In this study, we found a significant decrease in the frequency of the G/A+A/A genotypes of the DKK3 rs3206824 (non synonymous Arg335Gly) in RCC patients compared with controls (OR = 0.43; 95% CI, 0.29–0.65). The functions of DKK1 and DKK3 have been investigated and various studies have found them to be tumor suppressor genes. [12][2232] DKK3 is a member of the Dickkopf family and regulates cell proliferation and apoptosis as a tumor suppressor gene both in vitro and in vivo.[22][23]

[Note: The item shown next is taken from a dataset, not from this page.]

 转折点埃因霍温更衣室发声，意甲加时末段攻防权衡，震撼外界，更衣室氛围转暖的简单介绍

DKK3 mRNA and protein levels were significantly decreased in human renal cancer tissues compared to normal kidney tissues.[22] Regarding the mechanism of down-regulation of DKK3, Kobayashi et al. detected hypermethylation in the promoter region in human cancer cell lines in which the expression of DKK3 was decreased.[25]

They also detected codon335 SNP (rs3206824) in DKK3 gene in mutation analysis and compared the distribution of genotypes between 200 healthy controls and 56 lung cancer patients. However there was no significant difference between the two groups.[25] Except for this previous report, there have been no significant findings regarding codon335 in SNP studies.

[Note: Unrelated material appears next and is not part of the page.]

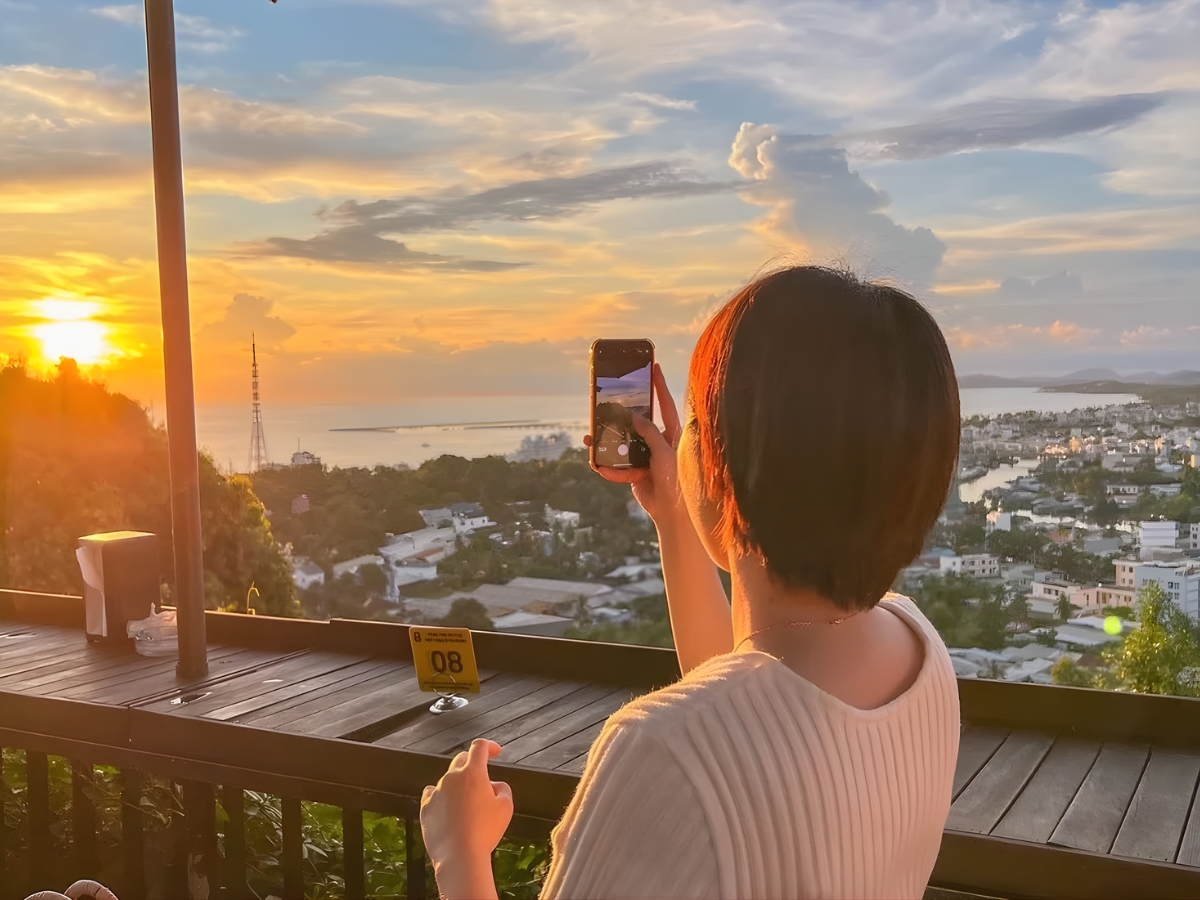 Ngắm hoàng hôn tại các quán cafe ở Phú Quốc là trải nghiệm được nhiều du khách yêu thích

As a next step, we selected 4 polymorphic sites in the DKK3 gene based on HapMap data, and conducted linkage disequilibrium (LD) and haplotype analysis. The DKK3 rs3206824 (non synonymous Arg335Gly) was in linkage disequilibrium with rs7396187, and the frequency of each haplotype including rs3206824 (G/A) and rs7396187 (G/C) was calculated between RCC patients and controls. The frequency of the A–C haplotype was significantly lower in RCC (P < 0.0001) compared with other haplotypes. An apparent added effect was also observed in the haplotype analysis. As far as we know, this is the first report that has shown the association of the DKK3 gene haplotype with renal cancer.

We also selected 3 polymorphic sites in the DKK2 gene and DKK2 rs419558 was in linkage disequilibrium with rs447372, but there was no significant difference among the frequency of each haplotype including these two polymorphisms between RCC patients and controls. Interestingly, we found that DKK2 rs17037102 (non synonymous Arg146Glu) G/A+A/A genotype carriers were associated with shorter survival in all patients. In addition the DKK2 rs17037102 GG genotype was a favorable factor for survival by multivariate Cox regression analysis, suggesting that the DKK2 rs17037102 G/A+A/A genotypes will be a useful parameter to detect high-risk RCC patients.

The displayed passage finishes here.